God’s Word for You
Mark 14:8 The Prince of Peace
by Pastor Timothy Smith on Sunday, December 3, 2023
8 “She did what she could. She anointed my body ahead of time to prepare for my burial.”
Jesus says that Mary “did what she could.” He does not mean that she did what anyone might do or could do, but that she actually and completely accomplished, to the very limit of her ability and circumstance, what she was able to do. She had planned for this; it was a remarkable amount of this spikenard perfume. She didn’t get this on an impulse when she stopped at the corner store. She had made plans for this. She had thought about it, prayed about it, saved her money (or sold something valuable) to be able to afford it, and then went ahead and accomplished this.
“Wherefore breaks that sigh
From the inward of thee?”
“What pain it cost!” (Cymbeline)
Indeed, this must already have been on her mind and been in the works when her brother Lazarus had died. In John’s account, it is clear that Jesus raised Lazarus just a short time before the Passover, perhaps just a matter of a few weeks. This was the time when the enemies of Christ were searching for him. “They kept looking for Jesus, and as they stood in the temple area they asked one another, ‘What do you think? Isn’t he coming to the Feast at all?’” (John 11:56), which is only two verses before this account begins in John’s Gospel.
In her heart, believing Jesus’ teaching about his imminent death, there was no time to lose.
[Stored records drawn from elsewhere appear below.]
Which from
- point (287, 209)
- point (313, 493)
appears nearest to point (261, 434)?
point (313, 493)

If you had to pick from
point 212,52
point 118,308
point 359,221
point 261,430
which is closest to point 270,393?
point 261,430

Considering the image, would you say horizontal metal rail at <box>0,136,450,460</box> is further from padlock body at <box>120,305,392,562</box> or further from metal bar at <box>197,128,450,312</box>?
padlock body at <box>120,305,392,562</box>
That is why she chose this moment, when he was still safe, still alive, not under arrest, and in her village, evidently in the home of a friend there in Bethany. She might not be able to anoint his body for burial when the time came, and so she anointed him now for burial, while still living, and as I have said before, it is certain that the scent of the ointment was still on his flesh, hair, and clothes the next day when he rode into Jerusalem with the crowds cheering and shouting Hosanna.
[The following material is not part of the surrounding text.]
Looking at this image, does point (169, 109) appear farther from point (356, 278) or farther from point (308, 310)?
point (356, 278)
We see the effect of the Law of God here, descending upon the very shoulders of God. God is sinless; man cannot charge God with wrongdoing (Job 1:22).Yet Christ came into the world to become the victim who paid the price for man’s sin, to reconcile the world to God through his own body’s suffering (2 Corinthians 5:19). And Paul’s summary is perfect: “God made him who had no sin to be sin for us, so that in him we might become the righteousness of God” (2 Corinthians 5:21). Here in Bethany, the wages of sin were descending fast upon the Son of God. He had come to do this thing, and the time was soon, very soon.
“In the little while,” Haggai had written, “the desired of all nations will come… And in this place I will grant peace” (Haggai 2:6-7,9). “I will extend peace like a river,” the Lord said (Isaiah 66:12). Here, with Mary’s anointing oil on his head and feet, was the Prince of Peace (Isaiah 9:6).